## [HOW TO COMPLETE THIS TASK]
The listing below is to be written out word for word, minus its images.

## [INPUT DATA]
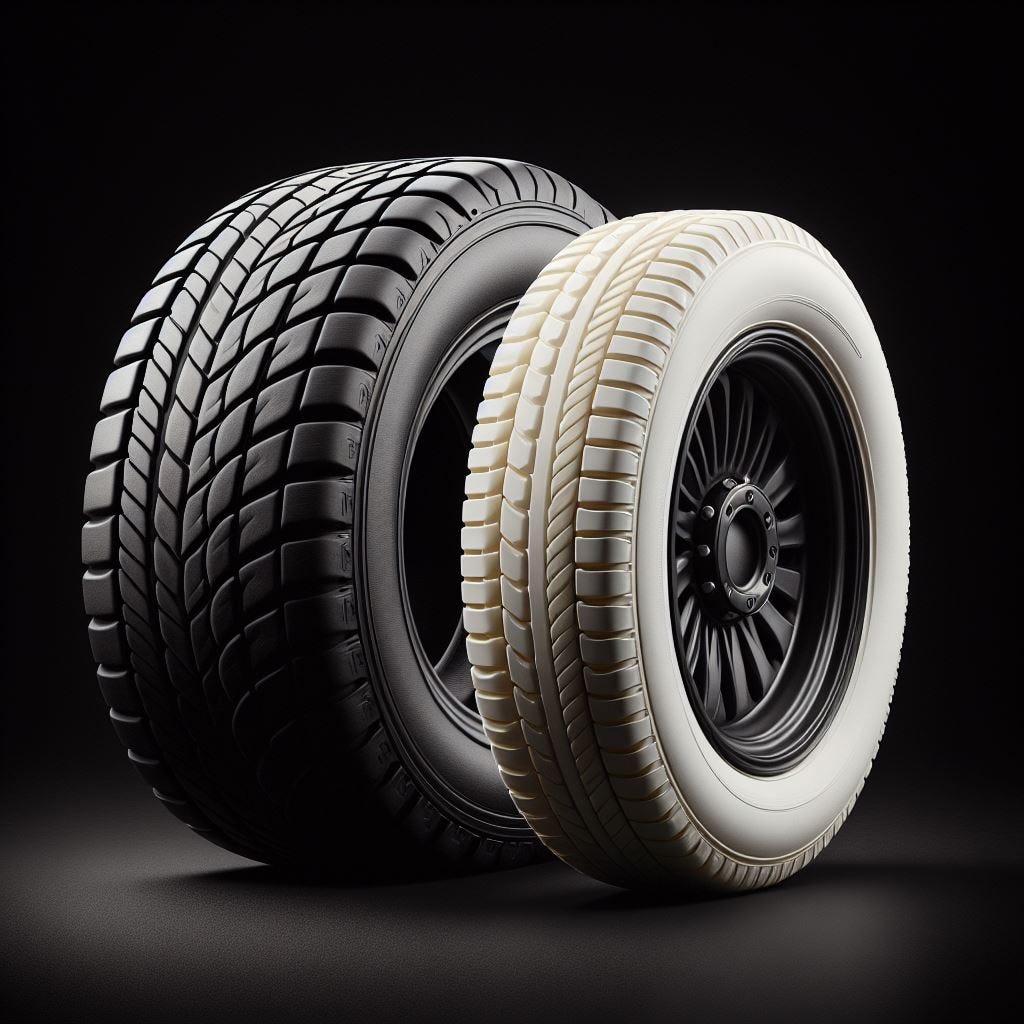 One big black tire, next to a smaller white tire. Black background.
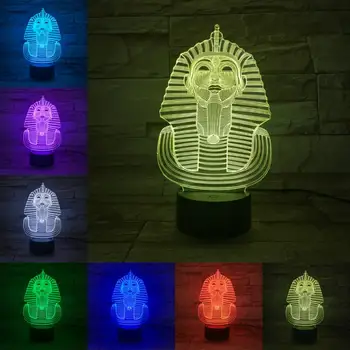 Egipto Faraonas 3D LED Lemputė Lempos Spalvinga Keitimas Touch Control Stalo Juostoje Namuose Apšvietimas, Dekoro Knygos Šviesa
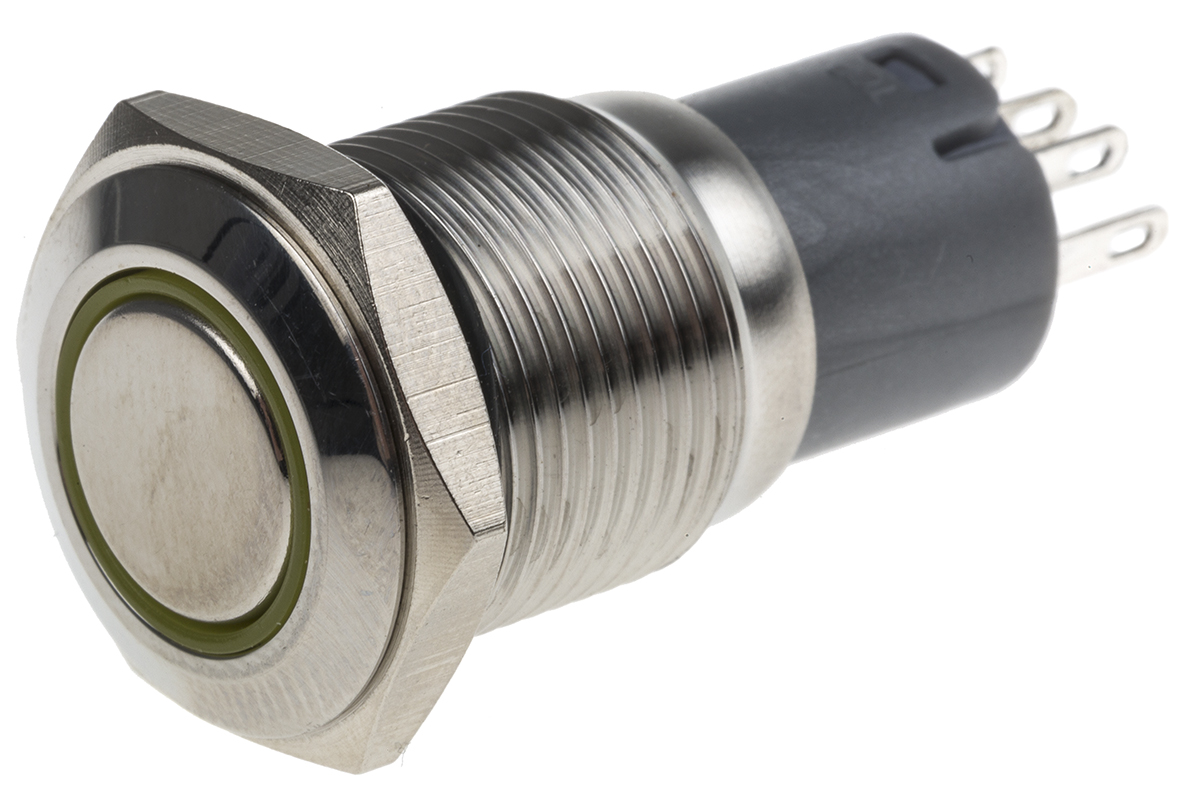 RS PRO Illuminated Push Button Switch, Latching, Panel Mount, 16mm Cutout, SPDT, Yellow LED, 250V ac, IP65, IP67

## [RESULT OF THE TASK]
 One big black tire, next to a smaller white tire. Black background.
 Egipto Faraonas 3D LED Lemputė Lempos Spalvinga Keitimas Touch Control Stalo Juostoje Namuose Apšvietimas, Dekoro Knygos Šviesa
 RS PRO Illuminated Push Button Switch, Latching, Panel Mount, 16mm Cutout, SPDT, Yellow LED, 250V ac, IP65, IP67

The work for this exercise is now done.